Data items

╭──

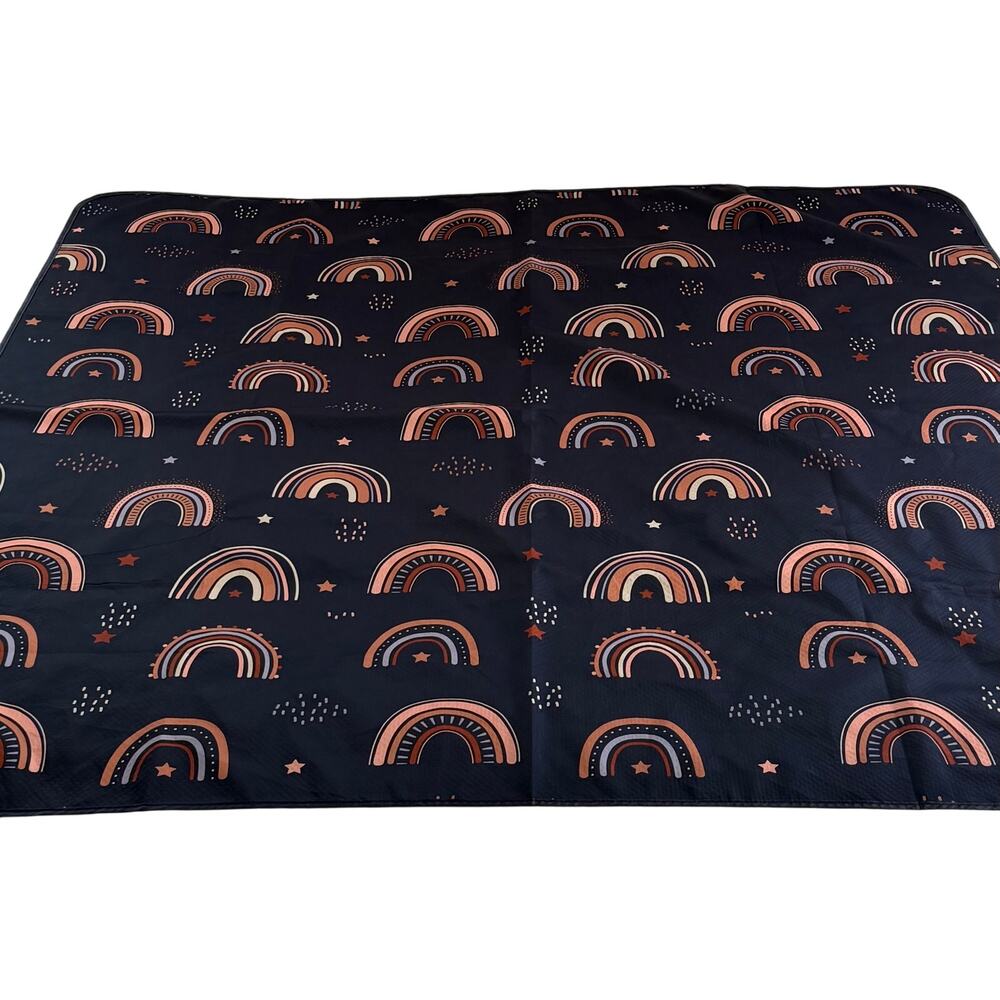 Blissful Diary Baby Splat Mat 50x50 Boho Rainbow Waterproof High Chair Floor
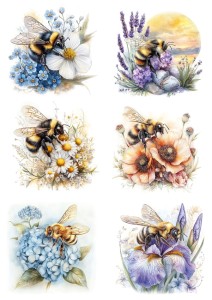 Papier ryżowy A4 Artando do decoupage - kwiaty, pszczoły, trzmiele, owady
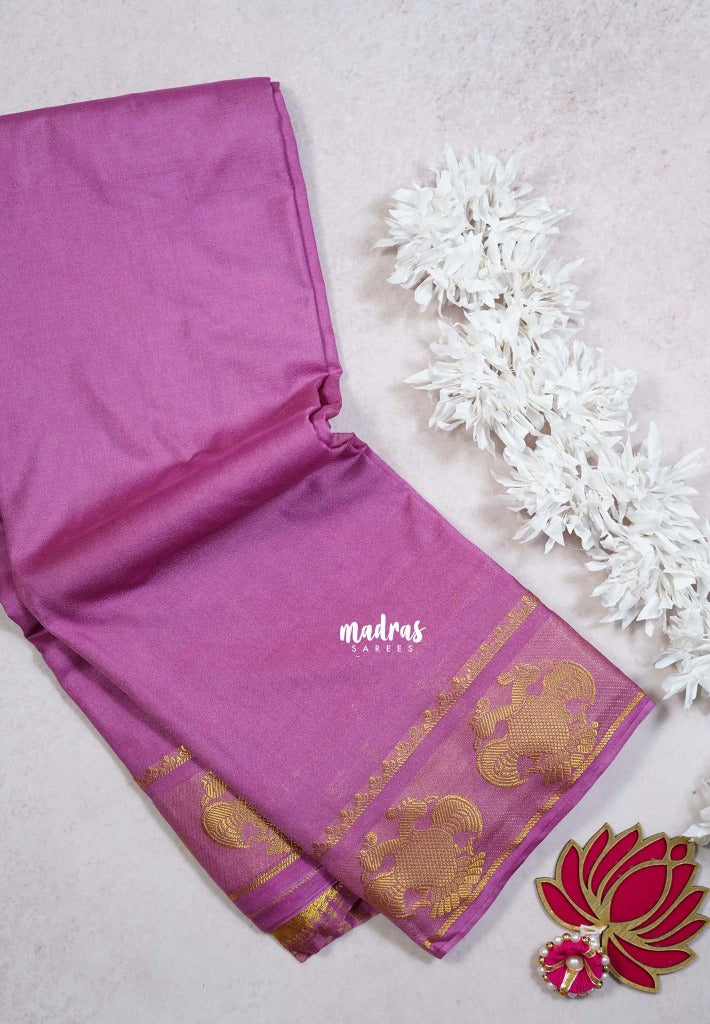Lavender Pink - Avantika - Semi Mysore Silk Saree with Gandaberunda Border - Perfect for Small Functions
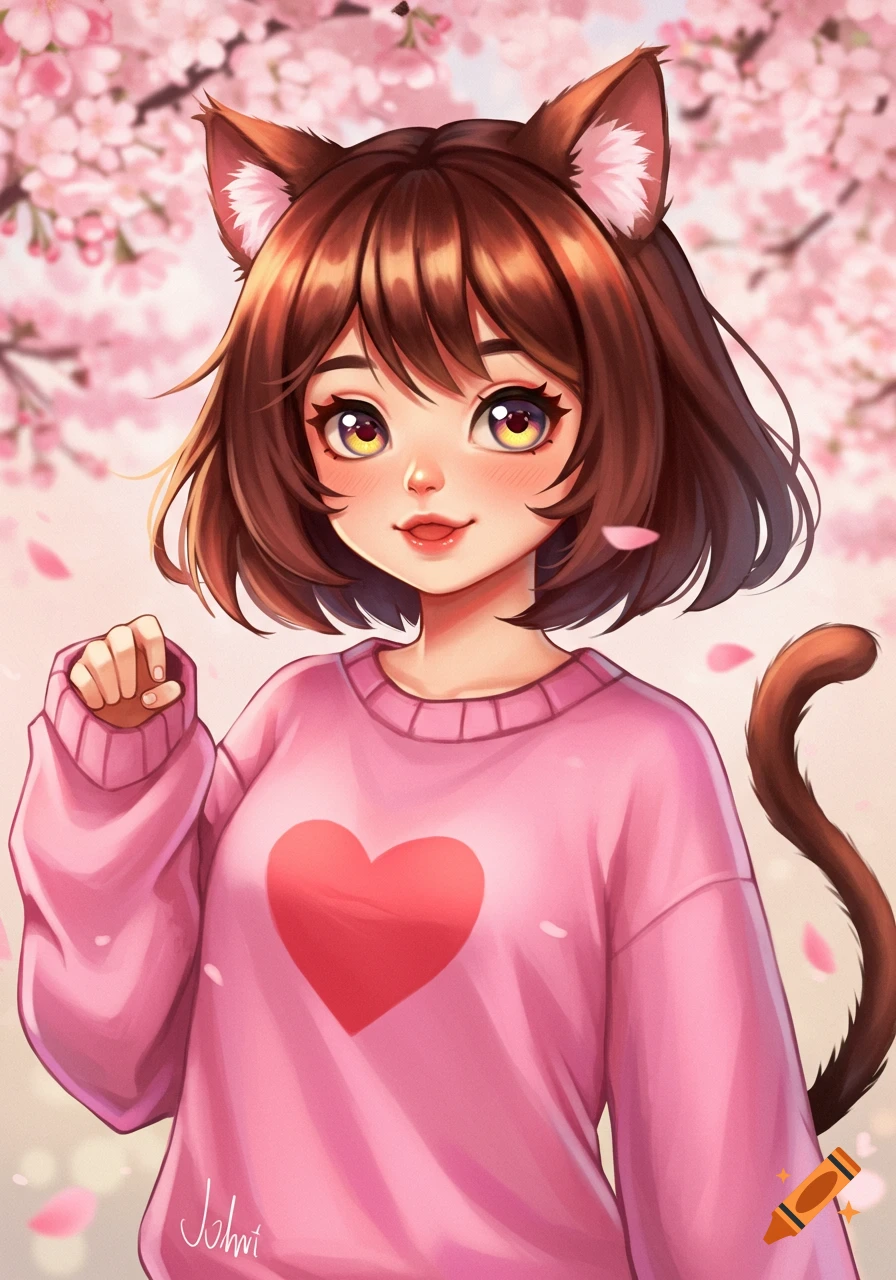 A cute anime cat girl with brown hair and cat ears, wearing a pink heart sweater, stands among cherry blossoms.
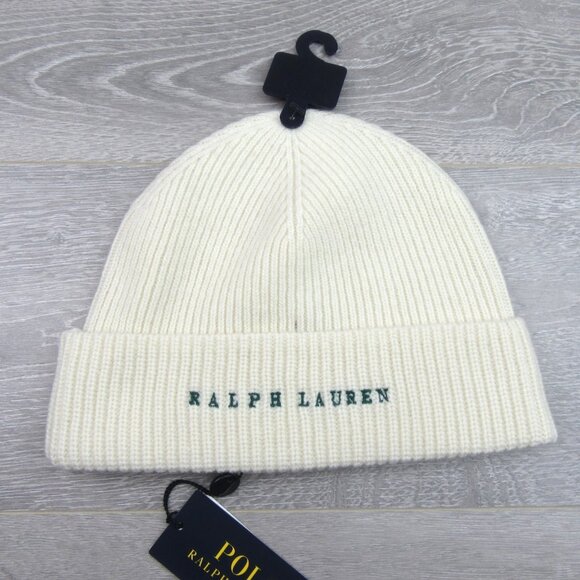 Polo Ralph Lauren Ralph’s Coffee Wool-Blend Cream Beanie Cap One Size NEW - Picture 7 of 12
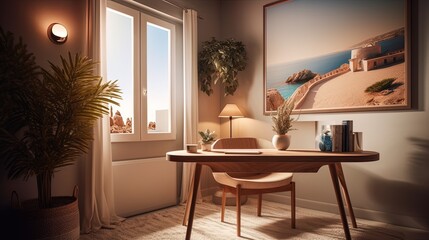 Fototapeta premium Scenic Online webinar virtual meeting interior home office computer desk room background for teams video call backdrop. 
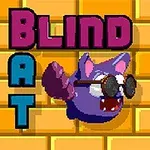 Lila denevér napszemüvegben a sárga téglafal előtt, a „Blind Bat” felirat mellett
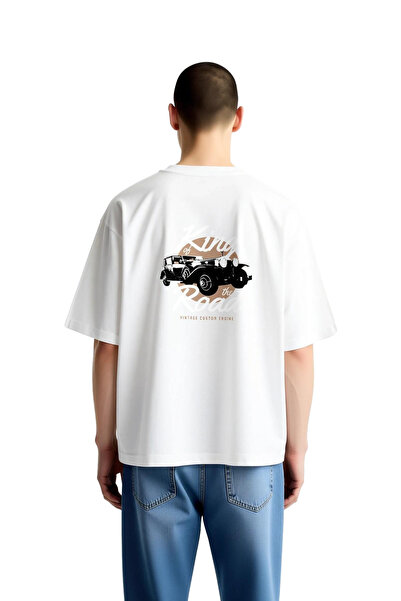 PayBuy Men's Oversize Printed T-Shirt Vintage Car Themed King of the Road Wri...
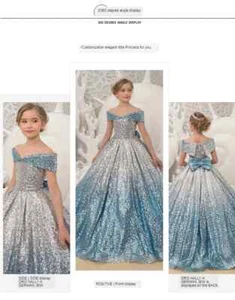 Niños Vestidos de graduación Niñas Lentejuelas Vestidos de baile Noche Fiesta Vestido Azul y blanco - Imagen 1 de 11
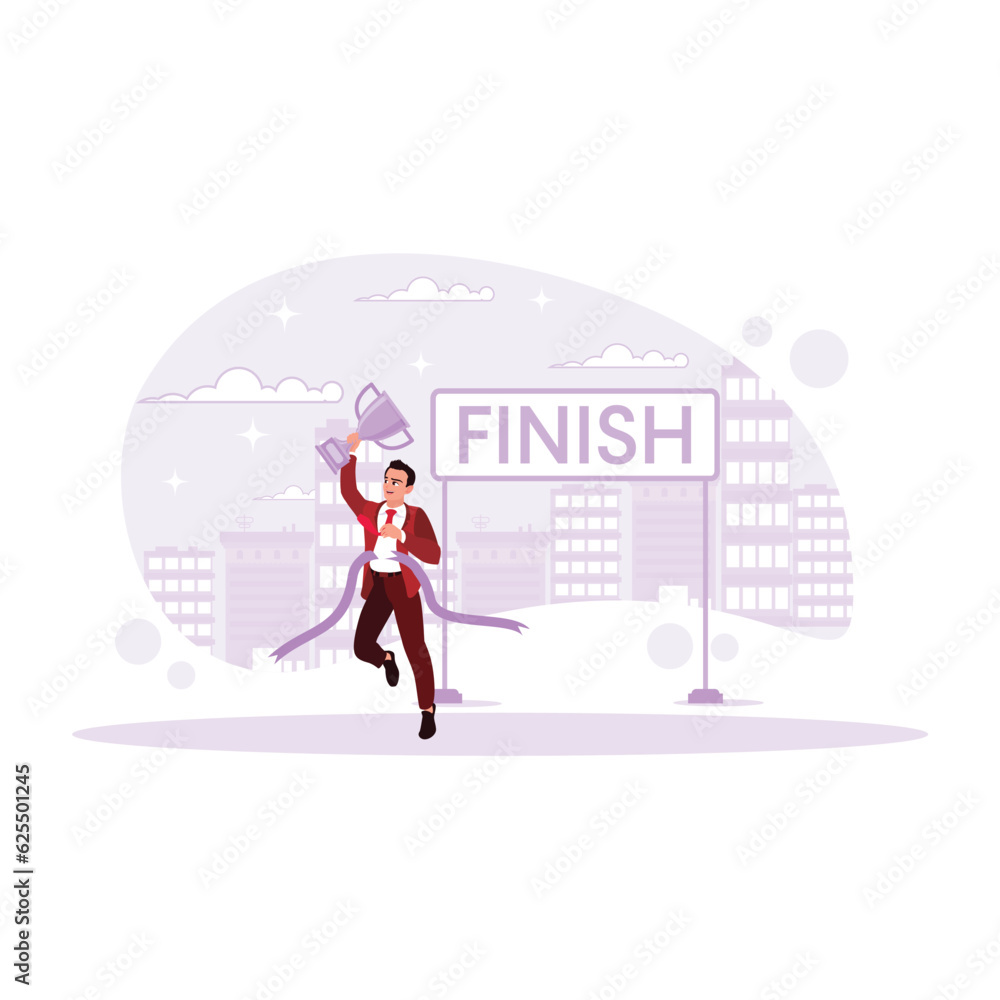 The businessman with a happy face made it across the finish line with a trophy. Career promotion concept. Trend Modern vector flat illustration.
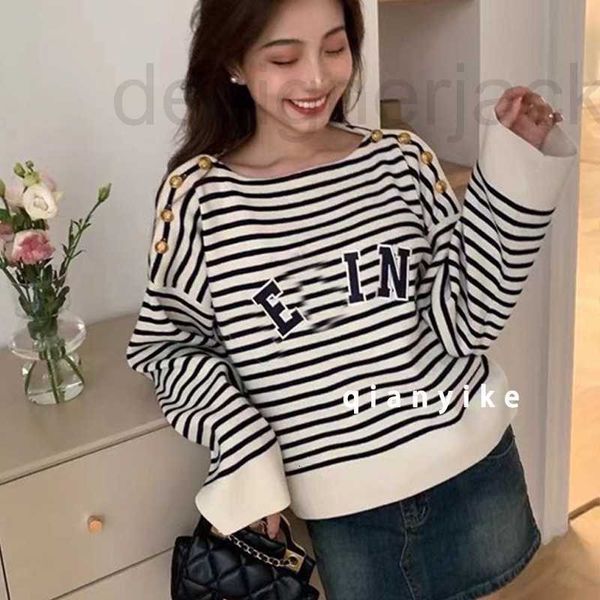 Camisolas femininas Designer do início do outono Bordado patch letra Black e White Stripe Sweater Loose Pullover casual Top Moda JS8C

╰──

**ABOUT THIS EXERCISE:** Skip the pictures. Return exactly the lines from the one containing "Lila denevér napszemüvegben" through the end of the data above, both included, and nothing besides.

**EXERCISE OUTPUT:**
 Lila denevér napszemüvegben a sárga téglafal előtt, a „Blind Bat” felirat mellett
 PayBuy Men's Oversize Printed T-Shirt Vintage Car Themed King of the Road Wri...
 Niños Vestidos de graduación Niñas Lentejuelas Vestidos de baile Noche Fiesta Vestido Azul y blanco - Imagen 1 de 11
 The businessman with a happy face made it across the finish line with a trophy. Career promotion concept. Trend Modern vector flat illustration.
 Camisolas femininas Designer do início do outono Bordado patch letra Black e White Stripe Sweater Loose Pullover casual Top Moda JS8C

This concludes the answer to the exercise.